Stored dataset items
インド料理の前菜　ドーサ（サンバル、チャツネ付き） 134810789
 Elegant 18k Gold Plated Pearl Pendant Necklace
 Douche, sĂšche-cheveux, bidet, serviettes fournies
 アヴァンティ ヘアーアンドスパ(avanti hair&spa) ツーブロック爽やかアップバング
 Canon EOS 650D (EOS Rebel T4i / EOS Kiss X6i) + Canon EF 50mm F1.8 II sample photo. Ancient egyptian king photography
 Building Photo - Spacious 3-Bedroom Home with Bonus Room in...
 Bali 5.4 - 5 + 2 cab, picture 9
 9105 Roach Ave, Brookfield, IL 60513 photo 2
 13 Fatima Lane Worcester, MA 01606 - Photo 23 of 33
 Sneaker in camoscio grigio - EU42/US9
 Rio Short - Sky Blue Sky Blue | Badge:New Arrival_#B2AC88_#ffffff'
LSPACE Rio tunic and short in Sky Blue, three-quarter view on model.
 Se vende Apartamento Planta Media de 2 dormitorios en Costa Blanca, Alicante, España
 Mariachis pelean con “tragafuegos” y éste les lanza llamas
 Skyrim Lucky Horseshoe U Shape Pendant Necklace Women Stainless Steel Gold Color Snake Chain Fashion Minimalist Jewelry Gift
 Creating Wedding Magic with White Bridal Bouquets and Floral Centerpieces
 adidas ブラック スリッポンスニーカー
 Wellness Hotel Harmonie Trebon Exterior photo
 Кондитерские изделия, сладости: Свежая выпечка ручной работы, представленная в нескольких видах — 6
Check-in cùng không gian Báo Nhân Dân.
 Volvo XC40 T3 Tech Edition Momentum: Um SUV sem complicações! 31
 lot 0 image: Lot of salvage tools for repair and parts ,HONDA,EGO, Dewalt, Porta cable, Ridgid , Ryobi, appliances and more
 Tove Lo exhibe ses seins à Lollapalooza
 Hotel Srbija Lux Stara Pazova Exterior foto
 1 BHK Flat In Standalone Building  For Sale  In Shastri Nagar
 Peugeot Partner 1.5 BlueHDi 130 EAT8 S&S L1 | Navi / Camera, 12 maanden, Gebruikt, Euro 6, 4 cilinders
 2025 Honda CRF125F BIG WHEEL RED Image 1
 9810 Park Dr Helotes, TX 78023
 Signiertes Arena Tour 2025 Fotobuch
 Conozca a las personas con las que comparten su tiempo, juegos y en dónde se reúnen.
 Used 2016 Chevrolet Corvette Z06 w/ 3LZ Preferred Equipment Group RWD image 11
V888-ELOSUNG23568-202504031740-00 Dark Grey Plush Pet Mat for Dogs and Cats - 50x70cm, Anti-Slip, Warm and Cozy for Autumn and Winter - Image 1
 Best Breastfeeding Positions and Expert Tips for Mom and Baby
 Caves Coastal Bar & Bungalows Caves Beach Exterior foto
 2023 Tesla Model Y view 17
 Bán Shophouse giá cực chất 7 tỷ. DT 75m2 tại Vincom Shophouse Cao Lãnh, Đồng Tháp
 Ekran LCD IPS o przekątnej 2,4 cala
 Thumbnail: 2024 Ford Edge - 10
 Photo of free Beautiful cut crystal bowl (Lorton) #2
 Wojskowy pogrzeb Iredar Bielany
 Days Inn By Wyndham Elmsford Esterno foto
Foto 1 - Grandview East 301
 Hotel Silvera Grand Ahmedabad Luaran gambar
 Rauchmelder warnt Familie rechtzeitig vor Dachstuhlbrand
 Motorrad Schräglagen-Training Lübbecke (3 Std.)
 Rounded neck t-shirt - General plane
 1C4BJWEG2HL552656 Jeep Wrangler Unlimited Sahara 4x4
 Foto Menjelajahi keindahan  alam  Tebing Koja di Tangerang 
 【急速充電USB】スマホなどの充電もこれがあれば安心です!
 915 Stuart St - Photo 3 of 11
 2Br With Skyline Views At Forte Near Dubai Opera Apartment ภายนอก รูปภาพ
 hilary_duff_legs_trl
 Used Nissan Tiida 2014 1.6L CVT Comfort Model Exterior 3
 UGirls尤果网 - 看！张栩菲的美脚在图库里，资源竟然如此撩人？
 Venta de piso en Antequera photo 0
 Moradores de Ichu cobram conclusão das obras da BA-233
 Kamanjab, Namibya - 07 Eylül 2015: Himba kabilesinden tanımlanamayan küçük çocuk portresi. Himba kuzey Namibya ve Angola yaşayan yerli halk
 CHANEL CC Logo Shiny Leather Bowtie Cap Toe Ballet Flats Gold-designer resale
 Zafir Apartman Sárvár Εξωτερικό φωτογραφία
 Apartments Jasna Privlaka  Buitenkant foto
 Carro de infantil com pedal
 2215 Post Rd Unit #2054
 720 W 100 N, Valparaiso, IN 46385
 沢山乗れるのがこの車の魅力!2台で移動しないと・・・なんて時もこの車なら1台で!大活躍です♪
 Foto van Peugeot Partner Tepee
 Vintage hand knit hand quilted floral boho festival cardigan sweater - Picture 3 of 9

DIRECTIONS FOR THIS TASK ▸
State the number of lines in the records that contain the string "Pendant". Nothing else is needed.

RESPONSE TO THIS TASK ▸
2